**To do**: Retype the listing that follows, exactly as written.
· · ·
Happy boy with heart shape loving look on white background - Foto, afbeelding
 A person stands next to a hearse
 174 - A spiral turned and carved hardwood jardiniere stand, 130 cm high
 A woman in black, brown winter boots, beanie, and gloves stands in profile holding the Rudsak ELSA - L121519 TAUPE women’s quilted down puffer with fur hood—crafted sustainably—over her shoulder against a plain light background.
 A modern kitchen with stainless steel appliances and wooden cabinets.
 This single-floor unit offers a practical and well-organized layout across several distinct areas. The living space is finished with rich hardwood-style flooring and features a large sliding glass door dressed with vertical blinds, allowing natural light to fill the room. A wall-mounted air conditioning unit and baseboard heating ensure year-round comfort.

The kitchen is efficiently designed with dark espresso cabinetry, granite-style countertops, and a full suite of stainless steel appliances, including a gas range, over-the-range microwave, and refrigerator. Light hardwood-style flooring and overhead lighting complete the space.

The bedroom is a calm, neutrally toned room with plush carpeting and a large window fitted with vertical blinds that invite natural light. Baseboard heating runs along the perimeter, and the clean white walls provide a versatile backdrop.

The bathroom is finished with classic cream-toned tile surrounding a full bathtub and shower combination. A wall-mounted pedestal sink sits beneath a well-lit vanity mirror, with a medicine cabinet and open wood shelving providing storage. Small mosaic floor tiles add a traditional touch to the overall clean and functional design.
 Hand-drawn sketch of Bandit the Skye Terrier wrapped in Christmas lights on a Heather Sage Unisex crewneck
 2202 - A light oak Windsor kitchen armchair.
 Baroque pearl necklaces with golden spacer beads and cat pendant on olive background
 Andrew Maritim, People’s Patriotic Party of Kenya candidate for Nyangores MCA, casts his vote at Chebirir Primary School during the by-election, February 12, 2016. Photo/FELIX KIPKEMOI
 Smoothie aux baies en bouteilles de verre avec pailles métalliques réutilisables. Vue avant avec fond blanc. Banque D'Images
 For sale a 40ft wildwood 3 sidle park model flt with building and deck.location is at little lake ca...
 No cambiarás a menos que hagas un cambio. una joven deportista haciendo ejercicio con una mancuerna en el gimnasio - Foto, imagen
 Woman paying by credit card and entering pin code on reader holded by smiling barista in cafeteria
· · ·
**Result of this exercise**:
Happy boy with heart shape loving look on white background - Foto, afbeelding
 A person stands next to a hearse
 174 - A spiral turned and carved hardwood jardiniere stand, 130 cm high
 A woman in black, brown winter boots, beanie, and gloves stands in profile holding the Rudsak ELSA - L121519 TAUPE women’s quilted down puffer with fur hood—crafted sustainably—over her shoulder against a plain light background.
 A modern kitchen with stainless steel appliances and wooden cabinets.
 This single-floor unit offers a practical and well-organized layout across several distinct areas. The living space is finished with rich hardwood-style flooring and features a large sliding glass door dressed with vertical blinds, allowing natural light to fill the room. A wall-mounted air conditioning unit and baseboard heating ensure year-round comfort.

The kitchen is efficiently designed with dark espresso cabinetry, granite-style countertops, and a full suite of stainless steel appliances, including a gas range, over-the-range microwave, and refrigerator. Light hardwood-style flooring and overhead lighting complete the space.

The bedroom is a calm, neutrally toned room with plush carpeting and a large window fitted with vertical blinds that invite natural light. Baseboard heating runs along the perimeter, and the clean white walls provide a versatile backdrop.

The bathroom is finished with classic cream-toned tile surrounding a full bathtub and shower combination. A wall-mounted pedestal sink sits beneath a well-lit vanity mirror, with a medicine cabinet and open wood shelving providing storage. Small mosaic floor tiles add a traditional touch to the overall clean and functional design.
 Hand-drawn sketch of Bandit the Skye Terrier wrapped in Christmas lights on a Heather Sage Unisex crewneck
 2202 - A light oak Windsor kitchen armchair.
 Baroque pearl necklaces with golden spacer beads and cat pendant on olive background
 Andrew Maritim, People’s Patriotic Party of Kenya candidate for Nyangores MCA, casts his vote at Chebirir Primary School during the by-election, February 12, 2016. Photo/FELIX KIPKEMOI
 Smoothie aux baies en bouteilles de verre avec pailles métalliques réutilisables. Vue avant avec fond blanc. Banque D'Images
 For sale a 40ft wildwood 3 sidle park model flt with building and deck.location is at little lake ca...
 No cambiarás a menos que hagas un cambio. una joven deportista haciendo ejercicio con una mancuerna en el gimnasio - Foto, imagen
 Woman paying by credit card and entering pin code on reader holded by smiling barista in cafeteria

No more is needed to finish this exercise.